I have been searching high and low looking for good chisels, not easy while I was living on the west coast. Family members always telling me that I should just get a set of Buck Bros, I bought them and obviously did not like them. I waited until I moved to West Virgina, and I did a lot of shopping at old antique stores along the way. I was very disappointed in selection of tools at these places. Honestly I found mostly junk, the good stuff most likely has already been purchased. I read the Popular Woodworking Hand Tool Essentials and in chapter 2 it gives an really nice shopping list of hand tools to purchase. This was written by Christopher Schwarz, judging by the price he expected to pay it was a long time ago. He suggested paying no more than $4 for a used chisel and $7-$11 for a new one, What is fair today? Seeing that finding these 750 Series chisels are kinda limited to new ones sold by Stanley, Lie Nelsen, or Blue Spruce, or others, whats the best alternative? I have purchased a few of the new sweetheart 750 and found the backs to be a little difficult to flatten but not as bad as it could have been. But is the new metal any different than the older metals?? I have not seen any documentation saying the Stanley Chisels are made from A2 tool steel, however they seem pretty sturdy. I have always believed you get what you pay for, and I have not been disappointed in Lie Nielsen hand planes. However is $340 for 5 chisels worth it? $570 for 9?? I have not had much luck finding Mortise Chisels at all. But I have become very discouraged and I am contemplating to buy new and forget about the actions, antique stores, flea markets.
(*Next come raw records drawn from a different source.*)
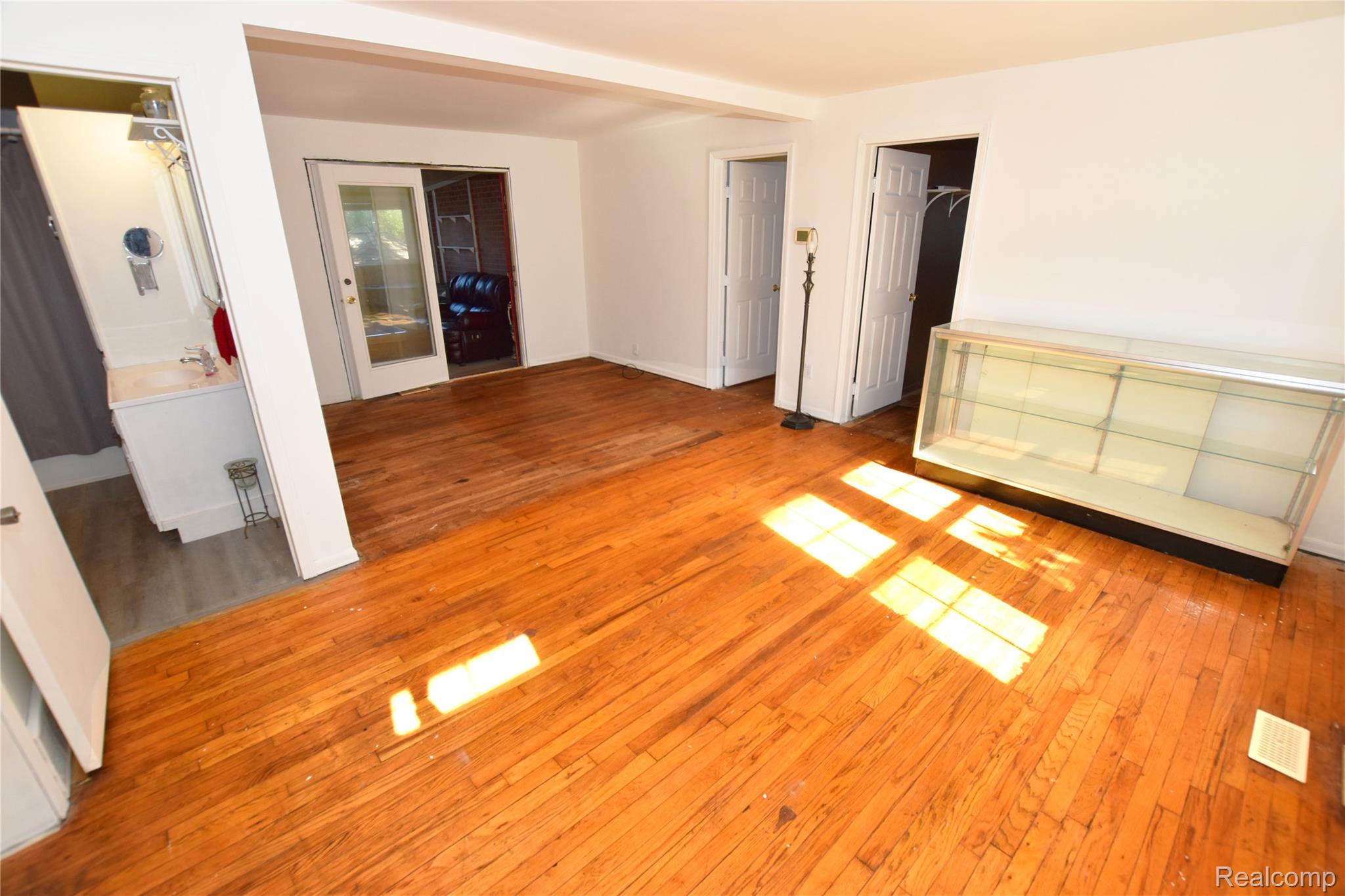 8107 East Bristol Road Davison, MI 48423 - Photo 7 of 19 Living Room Cont.jpg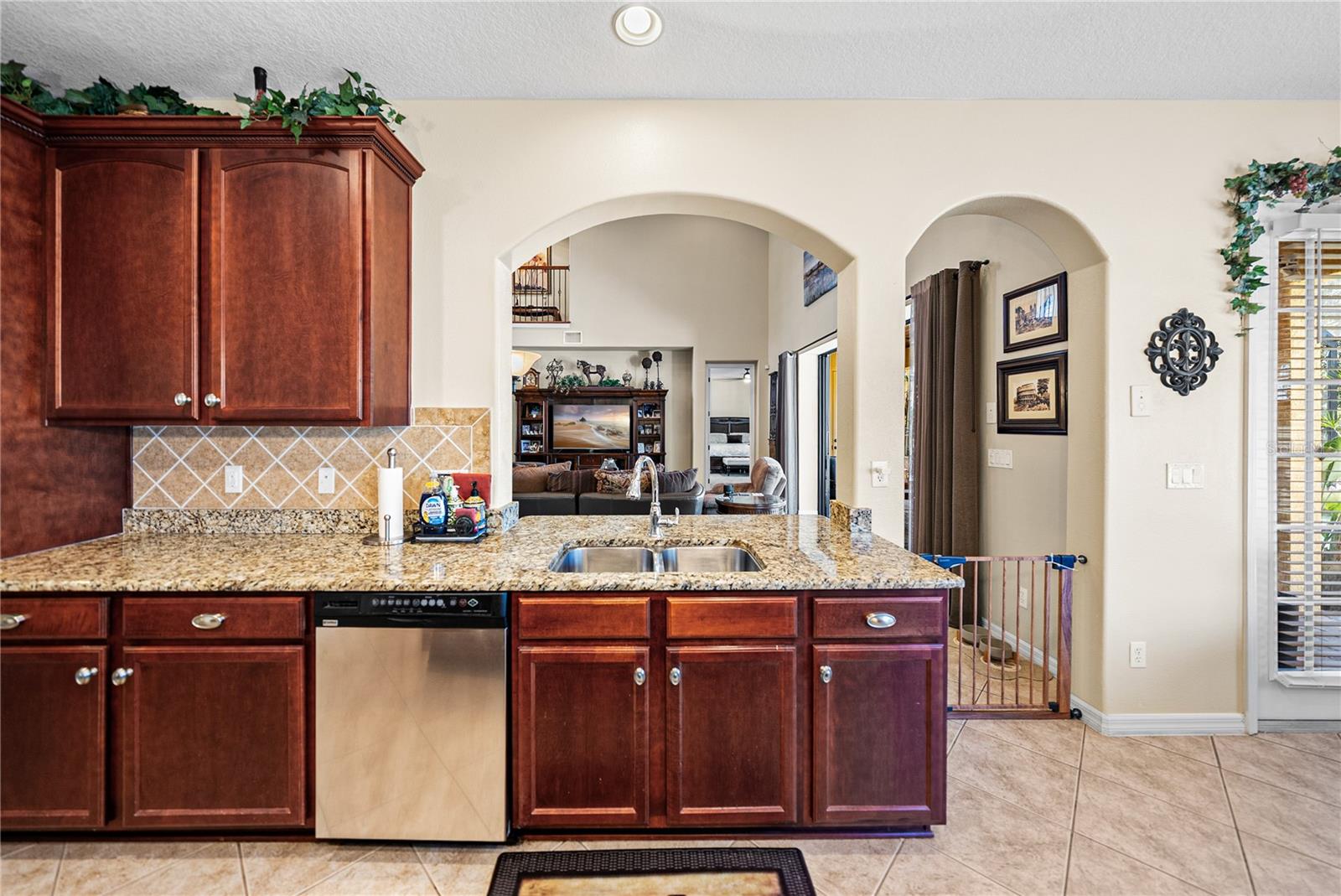 Image 21 of 100 For 360 Oak Landing Drive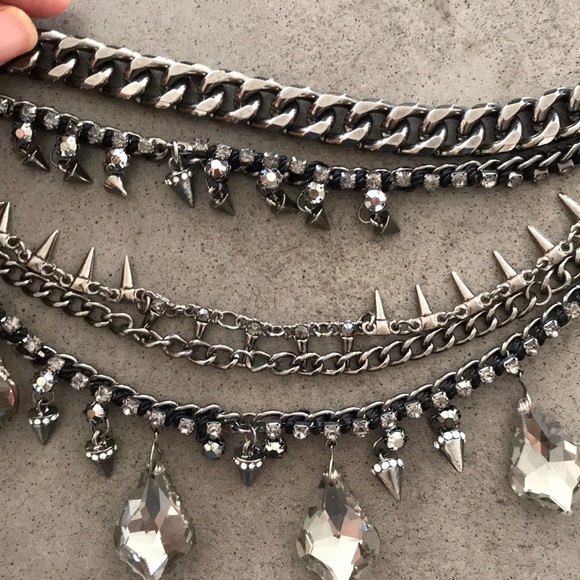 Layered chain & crystal necklace - Picture 5 of 5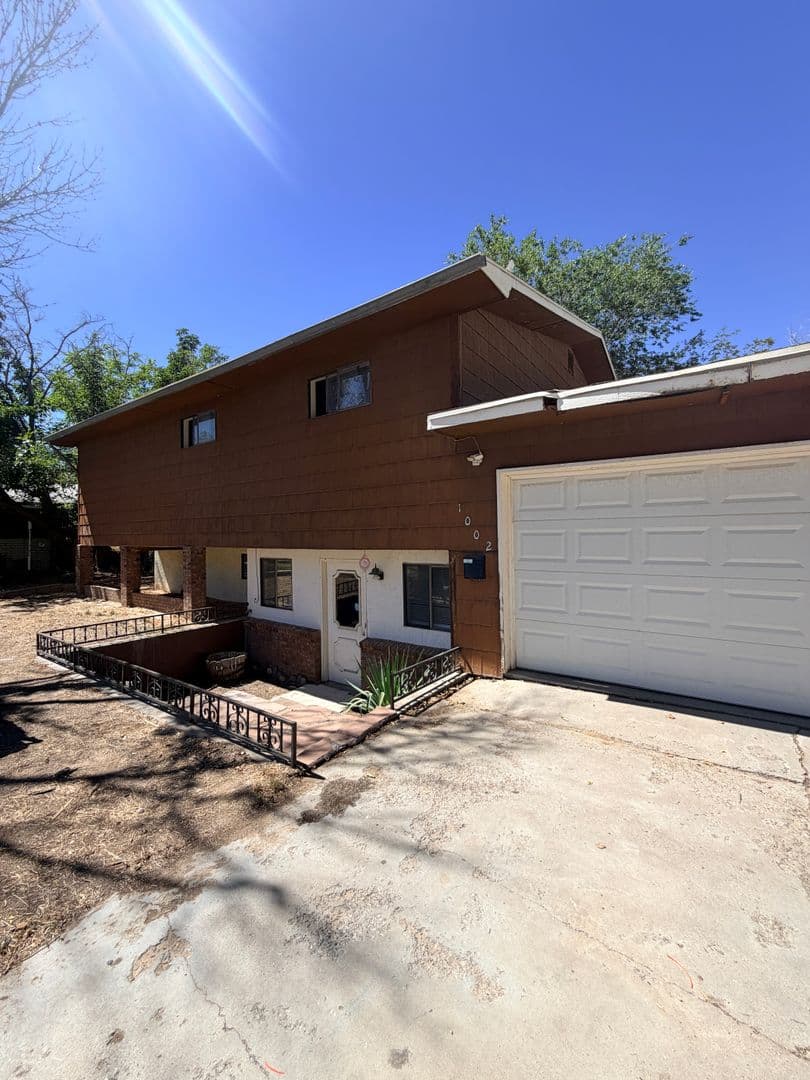 Farmington House: 1002 Delhi Terrace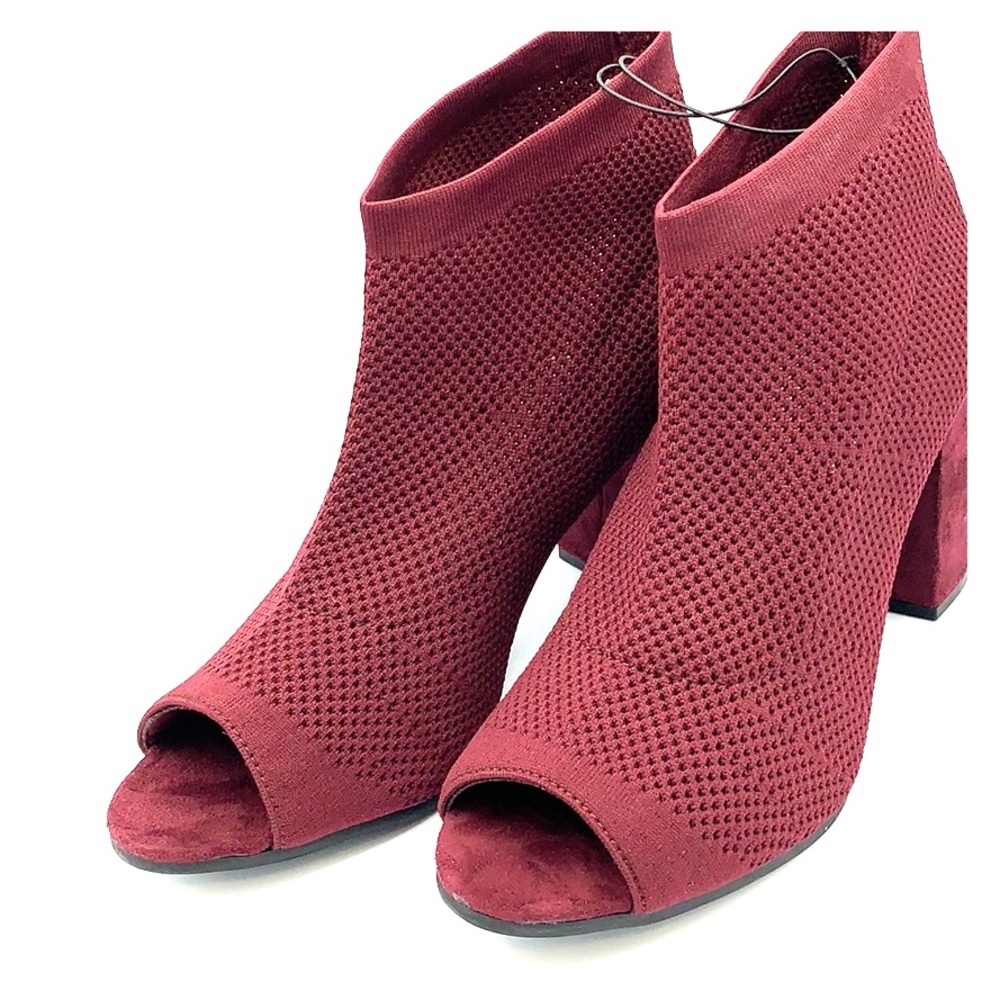 Seven Dials Open Toe Sandal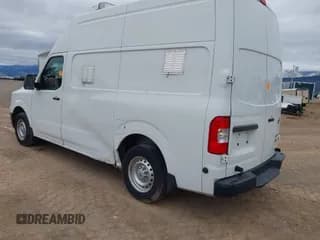 ✅ 2016 Nissan NV Cargo S • VIN: 1N6BF0LYXGN806205 • Lot: 43751248. Wystawiony na IAAI z przebiegiem 429 078 mil. Bezpłatny archiwum sprzedaży aukcyjnych z USA i szczegółowy raport historii pojazdu na DreamBid. Zdjęcie 3.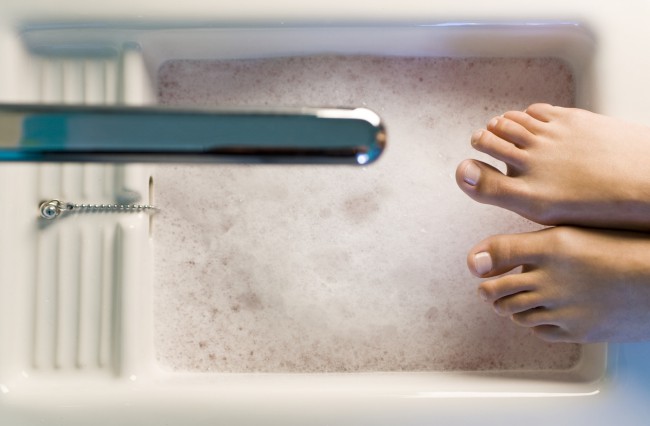 tratament cu apa calda pentru picioare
How much time on average does one take to find the right tool?


----------



## ShaneA (Apr 15, 2011)

Quite a few people on here love the new SW 750 chisels. I recently purchased some Ashley Isles chisels, and have been happy. Not budget busting, kind of mid range option. So many choices…two cherries, lee valley, vintage, japanese, on and on.


----------



## dkirtley (Mar 11, 2010)

From all reports, the ones you mention for new are nice chisels but expensive.

If price is an issue, I think the best option if you are coming up empty is to contact one of the usual used tool pushers and have them make up a harlequin set of good vintage users.

Also, I have been happy with my cheap Japanese chisels from Grizzly. I really don't think that there is a better bargain for a pretty good chisel set for not too much money - $15 each for the 10 pc set. No, they are not hand forged masterpieces but quite nice.


----------



## Smile_n_Nod (Jan 20, 2011)

I've had good results with the Stanley FatMax chisels with the yellow/black handles made of clear plastic and rubber, with a steel strike plate. They don't look like traditional woodworking chisels, but they hold an edge well and worked great for chopping mortises for my SYP bench.


----------



## Smitty_Cabinetshop (Mar 26, 2011)

You can get the full set of SW750 re-issues for around $200. Not A2 steel, but in my experience they're holding an edge very well. Leather roll is a nice touch, too.


----------